--- Task input ---

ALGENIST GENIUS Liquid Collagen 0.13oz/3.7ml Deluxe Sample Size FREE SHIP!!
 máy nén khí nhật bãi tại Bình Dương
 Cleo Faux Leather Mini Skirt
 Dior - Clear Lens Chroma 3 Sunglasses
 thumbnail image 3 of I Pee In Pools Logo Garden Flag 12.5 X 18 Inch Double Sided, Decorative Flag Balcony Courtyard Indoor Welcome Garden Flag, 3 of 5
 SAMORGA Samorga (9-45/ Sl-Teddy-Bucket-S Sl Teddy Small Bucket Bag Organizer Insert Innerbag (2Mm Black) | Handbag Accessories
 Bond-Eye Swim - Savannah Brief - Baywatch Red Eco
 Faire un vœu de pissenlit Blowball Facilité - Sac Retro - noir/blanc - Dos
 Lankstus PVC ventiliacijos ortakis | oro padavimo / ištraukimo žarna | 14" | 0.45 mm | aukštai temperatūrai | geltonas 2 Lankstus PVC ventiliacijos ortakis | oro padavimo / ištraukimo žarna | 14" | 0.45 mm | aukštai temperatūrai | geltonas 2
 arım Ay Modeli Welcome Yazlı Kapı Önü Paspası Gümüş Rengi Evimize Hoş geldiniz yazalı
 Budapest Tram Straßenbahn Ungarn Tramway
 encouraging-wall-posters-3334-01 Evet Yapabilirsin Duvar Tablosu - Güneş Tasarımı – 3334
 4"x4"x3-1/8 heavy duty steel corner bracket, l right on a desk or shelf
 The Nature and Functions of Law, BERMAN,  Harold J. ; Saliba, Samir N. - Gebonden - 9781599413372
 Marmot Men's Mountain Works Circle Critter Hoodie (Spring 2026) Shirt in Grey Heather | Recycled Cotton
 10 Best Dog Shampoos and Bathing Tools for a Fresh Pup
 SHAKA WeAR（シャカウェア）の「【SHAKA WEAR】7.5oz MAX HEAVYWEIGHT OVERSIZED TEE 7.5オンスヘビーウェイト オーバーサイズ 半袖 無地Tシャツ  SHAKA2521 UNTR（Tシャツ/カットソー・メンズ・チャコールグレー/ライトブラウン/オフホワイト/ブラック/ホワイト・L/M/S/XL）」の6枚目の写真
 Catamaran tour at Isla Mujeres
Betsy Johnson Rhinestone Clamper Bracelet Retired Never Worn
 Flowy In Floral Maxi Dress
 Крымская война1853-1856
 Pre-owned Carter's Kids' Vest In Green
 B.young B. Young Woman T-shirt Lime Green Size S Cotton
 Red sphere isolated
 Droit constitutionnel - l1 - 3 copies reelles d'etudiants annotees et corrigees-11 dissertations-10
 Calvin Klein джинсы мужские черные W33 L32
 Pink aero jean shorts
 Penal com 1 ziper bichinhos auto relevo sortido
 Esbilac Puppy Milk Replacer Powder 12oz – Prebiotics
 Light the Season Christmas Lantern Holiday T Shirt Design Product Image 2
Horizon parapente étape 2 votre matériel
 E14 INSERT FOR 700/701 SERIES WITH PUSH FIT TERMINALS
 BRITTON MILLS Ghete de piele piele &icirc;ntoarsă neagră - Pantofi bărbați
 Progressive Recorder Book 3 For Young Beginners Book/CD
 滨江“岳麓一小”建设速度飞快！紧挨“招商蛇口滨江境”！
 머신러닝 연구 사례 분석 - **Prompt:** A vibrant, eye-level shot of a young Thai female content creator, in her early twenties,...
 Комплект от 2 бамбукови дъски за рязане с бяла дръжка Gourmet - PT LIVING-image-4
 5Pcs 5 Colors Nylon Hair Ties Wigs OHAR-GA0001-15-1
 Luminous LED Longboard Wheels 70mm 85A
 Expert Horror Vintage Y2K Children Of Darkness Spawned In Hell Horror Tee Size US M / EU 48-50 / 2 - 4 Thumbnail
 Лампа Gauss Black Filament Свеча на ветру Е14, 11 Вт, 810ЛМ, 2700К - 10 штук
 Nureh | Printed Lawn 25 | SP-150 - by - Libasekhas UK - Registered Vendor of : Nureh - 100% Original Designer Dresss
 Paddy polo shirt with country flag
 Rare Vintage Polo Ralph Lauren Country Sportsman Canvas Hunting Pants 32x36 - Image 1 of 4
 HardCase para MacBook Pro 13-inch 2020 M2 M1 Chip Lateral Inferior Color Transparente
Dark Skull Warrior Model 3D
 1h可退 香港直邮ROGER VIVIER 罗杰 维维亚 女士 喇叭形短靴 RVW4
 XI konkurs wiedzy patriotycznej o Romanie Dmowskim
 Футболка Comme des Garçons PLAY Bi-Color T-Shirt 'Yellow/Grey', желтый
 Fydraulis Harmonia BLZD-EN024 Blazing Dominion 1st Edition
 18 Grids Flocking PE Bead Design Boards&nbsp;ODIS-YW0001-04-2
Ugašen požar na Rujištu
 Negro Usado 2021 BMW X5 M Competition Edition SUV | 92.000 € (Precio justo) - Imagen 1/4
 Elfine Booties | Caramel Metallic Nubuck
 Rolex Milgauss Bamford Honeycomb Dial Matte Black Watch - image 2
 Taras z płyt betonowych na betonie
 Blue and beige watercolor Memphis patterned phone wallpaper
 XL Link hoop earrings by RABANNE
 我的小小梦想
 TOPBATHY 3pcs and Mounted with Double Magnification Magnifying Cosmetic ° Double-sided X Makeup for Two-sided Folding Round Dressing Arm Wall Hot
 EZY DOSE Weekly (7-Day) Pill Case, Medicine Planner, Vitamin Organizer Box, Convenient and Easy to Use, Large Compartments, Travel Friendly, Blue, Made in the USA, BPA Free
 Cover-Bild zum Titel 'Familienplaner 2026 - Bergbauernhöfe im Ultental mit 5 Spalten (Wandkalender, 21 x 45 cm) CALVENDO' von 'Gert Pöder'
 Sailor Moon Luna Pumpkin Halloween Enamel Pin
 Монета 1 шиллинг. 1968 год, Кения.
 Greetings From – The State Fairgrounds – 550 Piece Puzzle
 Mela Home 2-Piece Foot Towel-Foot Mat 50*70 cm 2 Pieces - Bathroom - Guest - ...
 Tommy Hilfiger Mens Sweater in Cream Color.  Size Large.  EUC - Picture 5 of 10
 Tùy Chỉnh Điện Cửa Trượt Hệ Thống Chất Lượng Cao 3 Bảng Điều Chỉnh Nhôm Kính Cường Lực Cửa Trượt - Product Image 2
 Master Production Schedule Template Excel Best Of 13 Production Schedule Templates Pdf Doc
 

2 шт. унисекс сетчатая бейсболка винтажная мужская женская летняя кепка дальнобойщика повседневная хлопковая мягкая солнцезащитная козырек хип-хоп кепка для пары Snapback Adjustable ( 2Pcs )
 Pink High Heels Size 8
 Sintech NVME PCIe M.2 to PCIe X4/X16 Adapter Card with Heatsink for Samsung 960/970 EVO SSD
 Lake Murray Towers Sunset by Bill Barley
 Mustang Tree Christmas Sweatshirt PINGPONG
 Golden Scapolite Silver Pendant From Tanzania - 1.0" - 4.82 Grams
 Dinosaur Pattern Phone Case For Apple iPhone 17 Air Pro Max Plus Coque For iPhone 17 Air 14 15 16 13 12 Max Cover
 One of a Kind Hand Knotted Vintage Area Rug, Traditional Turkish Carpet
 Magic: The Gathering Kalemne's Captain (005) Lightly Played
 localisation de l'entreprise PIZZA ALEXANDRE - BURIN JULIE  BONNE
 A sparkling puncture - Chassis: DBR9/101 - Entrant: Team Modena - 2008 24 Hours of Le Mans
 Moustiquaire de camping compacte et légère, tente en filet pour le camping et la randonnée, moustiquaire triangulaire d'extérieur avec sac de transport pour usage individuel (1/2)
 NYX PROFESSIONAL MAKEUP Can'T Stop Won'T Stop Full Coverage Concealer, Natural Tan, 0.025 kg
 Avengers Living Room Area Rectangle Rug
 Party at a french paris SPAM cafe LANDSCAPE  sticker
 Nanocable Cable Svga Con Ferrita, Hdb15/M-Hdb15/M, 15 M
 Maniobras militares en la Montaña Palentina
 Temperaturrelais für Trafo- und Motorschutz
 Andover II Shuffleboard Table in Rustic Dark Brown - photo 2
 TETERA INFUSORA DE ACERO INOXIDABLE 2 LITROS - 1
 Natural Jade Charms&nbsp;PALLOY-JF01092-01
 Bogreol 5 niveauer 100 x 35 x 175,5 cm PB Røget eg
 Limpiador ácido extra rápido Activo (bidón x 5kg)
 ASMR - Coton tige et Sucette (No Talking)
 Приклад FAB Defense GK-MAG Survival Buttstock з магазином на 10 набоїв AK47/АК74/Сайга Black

---

What to do -
For each line in the entries that contains the string "From", make a copy.

Task solution -
 Greetings From – The State Fairgrounds – 550 Piece Puzzle
 Golden Scapolite Silver Pendant From Tanzania - 1.0" - 4.82 Grams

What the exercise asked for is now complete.